I suspect they're just using 4 grams or so Monopotassium Phosphate / Liter and wangling the "Potassium Chloride" figure to balance out the extra Cl from all the other Chloride salts they're using. (why don't they use other salts, like citrate, thereby helping the metabolic cycles of plants & animals?) Seachem: You should hire better flunkies. I for one, need a job. 

They probably just don't want you to know that your "Flourish Phosphorus" or "Flourish Potassium" are already included in this formulation, so you'll feel the need to go out and buy more of their other stuff.

It's a good thing it's all REALLY watered down, else you might overdose your tank based on their marketing techniques. 

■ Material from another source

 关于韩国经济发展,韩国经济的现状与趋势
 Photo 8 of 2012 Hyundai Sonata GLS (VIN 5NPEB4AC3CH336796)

Even though some of the total compound weights/volume seem ridiculous, like 4mg/L, they're probably mixing thousands of liters at a time, so 4 grams of material to a thousand liters of total aqueous volume becomes more sensible. It probably costs about $50 (not including water) to mix 1,000 Liters of this stuff! 

If anyone wants the spreadsheet to add to/edit, here's a link
https://mega.co.nz/#!ct8CzIpJ!nOAyVIEBZu3TEcNA9MapY5UAYpkEgD3Pw7iyauPlYWk


----------



## Zapins (Jul 28, 2004)

Have you had a look at http://calc.petalphile.com/ ?

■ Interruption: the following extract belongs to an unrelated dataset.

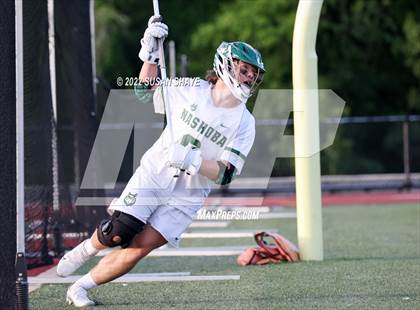 Thumbnail 3 in Danvers @ Nashoba Regional (MIAA Division 2 First Round) photogallery.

wet made a calculator a few years ago that seems to be doing what you are doing. I've never really enjoyed calculating ferts to ppm out by hand, but it definitely is valuable to know how!


----------



## misant777 (Mar 21, 2014)

Oh, cool! Thank you!


----------



## Tugg (Jul 28, 2013)

I had a bored afternoon once and made a little calc so I could figure out how to calcualate dry weights of Ammonium Nitrate (NH4NO3) in terms of KNO3.

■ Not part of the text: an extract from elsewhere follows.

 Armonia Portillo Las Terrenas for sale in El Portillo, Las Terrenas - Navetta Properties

I have to say.. a little goes a LONG way. I think the ratio about 2.5:1. With 1g of NH4NO3 being equal in N to 2.5g KNO3.

Of course, you need an acidic pH to use this stuff. I added 2.5g into 100g of water and it would read as 1.5ppm of ammonia (ammonium since it's acid, but API's kit shows both).

BTW: I sourced the NH4NO3 from a cheap store branded instant cold pack from the first aid supplies at my grocer. It was $2 for about 250g.


----------